Afterward the audit exit meeting we went our separate ways — some of us heading back to California this afternoon, others traveling onwards to the next one, and still others not yet ready to travel — I don’t necessarily get it. The Southeast has been quite hospitable but the choice between one more night here and going home doesn’t even make me think twice.I had just enough time to make a side trip up to Kennesaw Mountain, which is a Civil War battlefield dating back to Sherman’s March-to-the-Sea. I wasn’t sure what to expect, as I’ve never been to a Civil War site before (I know, very lame for someone who’s interested in history, gravesites, and the military) but I found it oddly refreshing despite the triple-digit heat and mugginess. I’d go back, given more time and another chance; it’s places like that which shaped our nation. The battles around Kennesaw took place on days like today, where the humidity and heat take your breath away; I can only imagine what those young men felt in their hot woolen uniforms marching through the dappled woods.
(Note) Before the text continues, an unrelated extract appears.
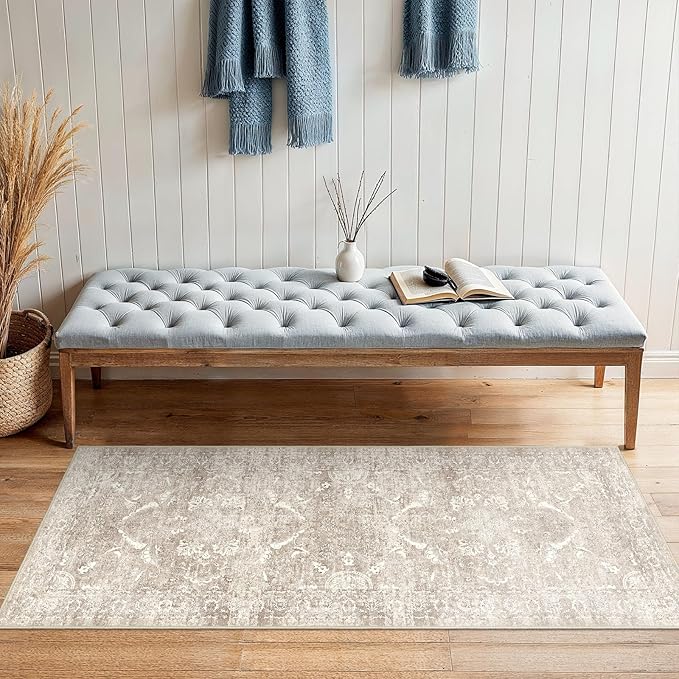 2x5 Washable Hallway Runner Rug - Non Slip Kitchen Runner Rugs with Rubber Backing Vintage Low-Pile Carpet Runners for Entryway Dining Room Laundry Room Home Decor (Beige)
It was a fitting capstone on this trip; if I was traveling with family I’m not sure we would have taken the time to head over there. At work we like to talk about lessons learned and operating experience, which can be summarized thus: smart people learn from their mistakes, but really smart people learn from other people’s mistakes. If I’m coming back in three weeks I’ll have a lot more stuff to bring (hard to believe — it boggles the mind — but that PE isn’t going anywhere at the moment and I still need to study) and a better base with which to attack the touristing issue. At one point — standing atop the mountain and looking at the haze wreathing modern downtown Atlanta — I realized that the trip was worth it (the whole week) for that one moment. The ghosts were whispering stories in my ear today, maybe all night last night and I’m glad we had a chance to meet; there are so many lessons, and I love to learn.

Mike

Light House

4 June 2010

Dear J-

One of my cousins dropped by for dinner — it’s easy to forget that there are four of us now down here in Southern California, but when there’s a mob, one of us isn’t too far away. Of my cousins, this one — Amy — is the oldest and most outspoken; in fact, she actually went along (together with a couple of my mom’s sisters) on my parents’ honeymoon to Niagara Falls. I’ve said it before, but it’s funny how we all fall in together, chatting as though it was just yesterday we last saw each other; we gossip like fishmongers and catch each other up on family news.
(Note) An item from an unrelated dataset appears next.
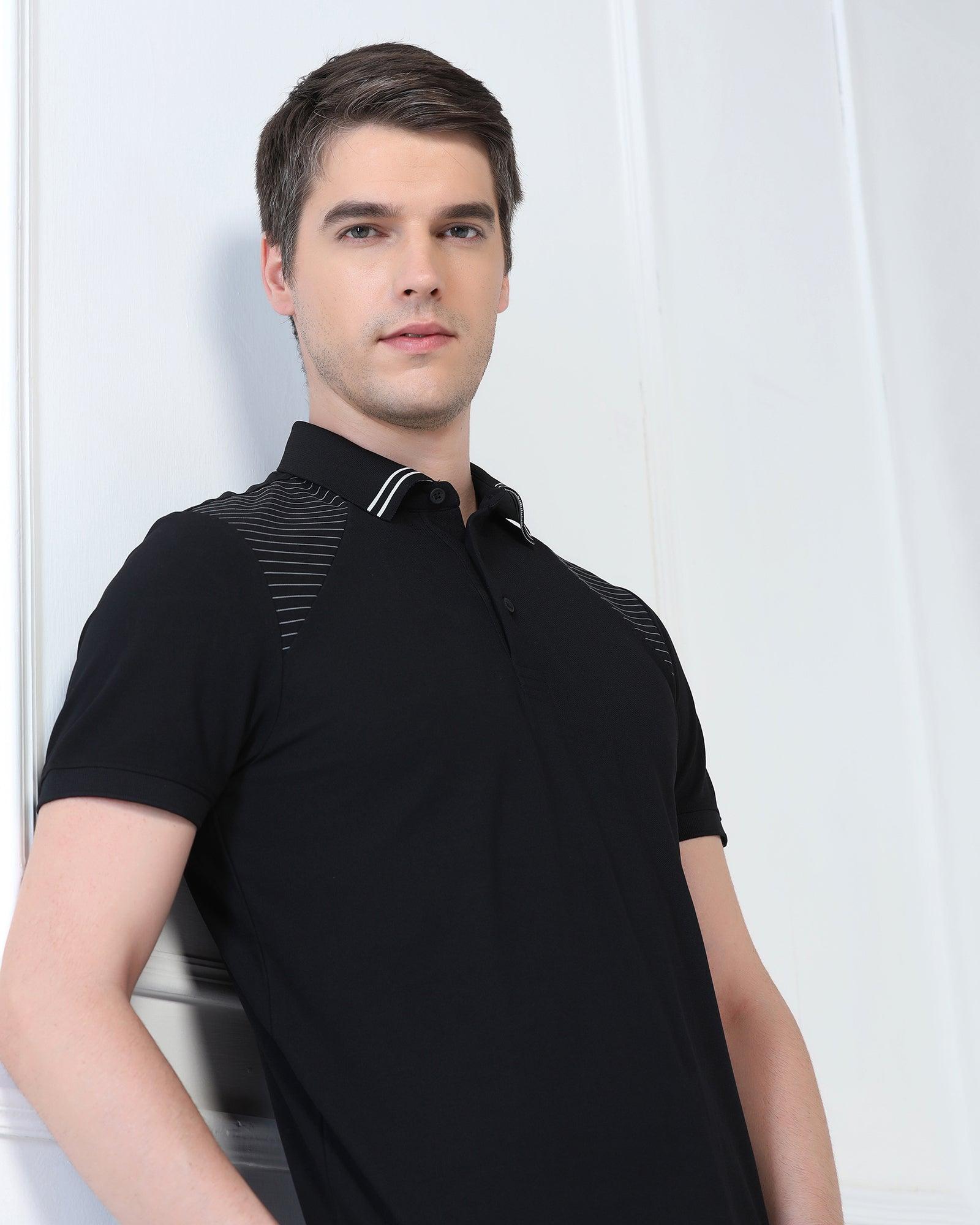 TechPro Polo Black Printed T-Shirt - Ruby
theVet accuses me, not without reason, that I tend to say the same stories over and over again, so I’ll limit it to this bit: I remember going to St. Louis and she already had her driver’s license; she’s always seemed so impossibly, unapproachably mature compared to me that I can’t believe that we’re able to talk like real adults (there are multiple moments when I realize that I’m supposed to be a mature adult now; they are quite disturbing).

At times it seems like we’ve got a weddings-and-funerals relationship; we get together for big family events, and it’s nice to be able to see one another outside of those. You (I) tend to forget that we’re humans rather than bodies to drape fancy clothes off when occasion demands. Life is full of touch-and-goes; we spin apart and come back together at random moments, right? We can’t predict — we can’t know — the next chance and so these days stand out like beacons in my memory.